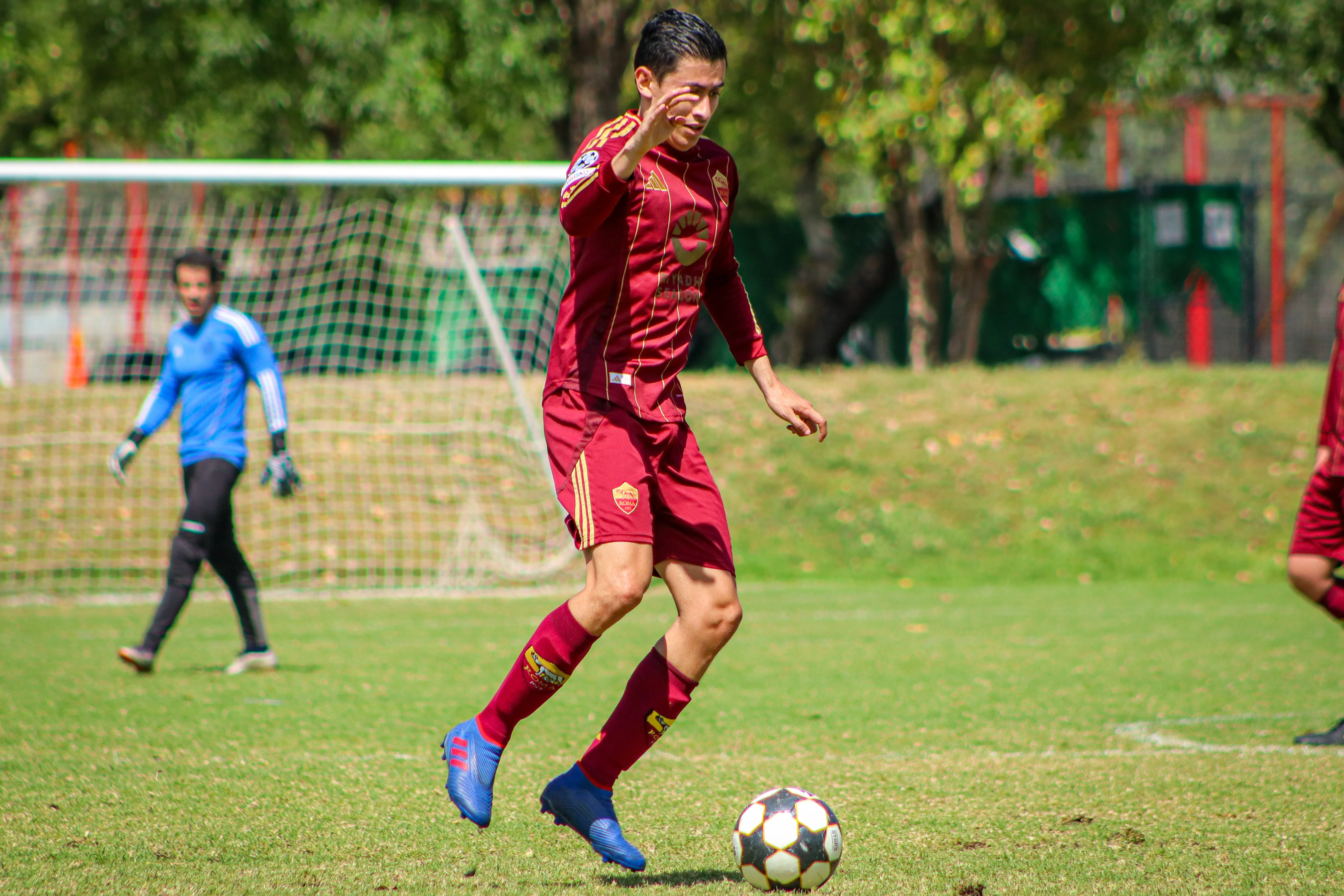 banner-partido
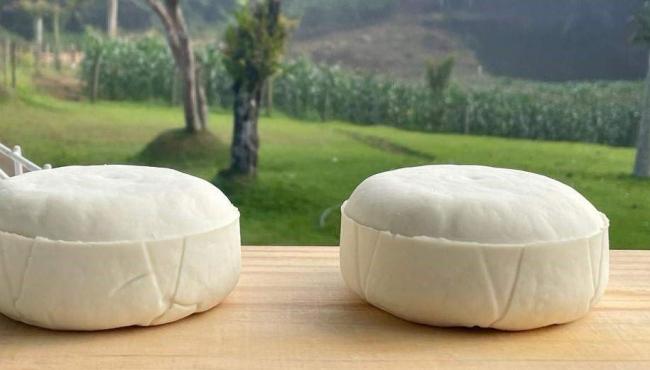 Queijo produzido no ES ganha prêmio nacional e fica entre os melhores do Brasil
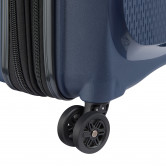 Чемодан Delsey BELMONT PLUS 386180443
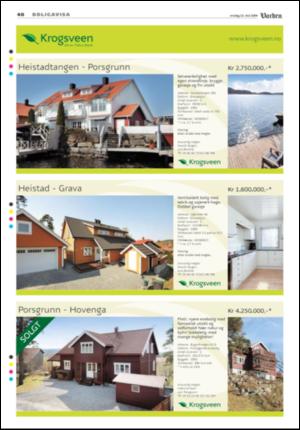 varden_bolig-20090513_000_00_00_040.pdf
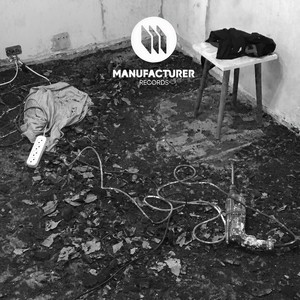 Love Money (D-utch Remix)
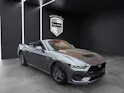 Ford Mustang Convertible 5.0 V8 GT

### PROBLEM TO WORK ON
Find the line that has "Queijo produzido no" in the listing, then retype it and each later line up to the last, exactly. Leave pictures out.

### ANSWER TO THIS EXERCISE
 Queijo produzido no ES ganha prêmio nacional e fica entre os melhores do Brasil
 Чемодан Delsey BELMONT PLUS 386180443
 varden_bolig-20090513_000_00_00_040.pdf
 Love Money (D-utch Remix)
 Ford Mustang Convertible 5.0 V8 GT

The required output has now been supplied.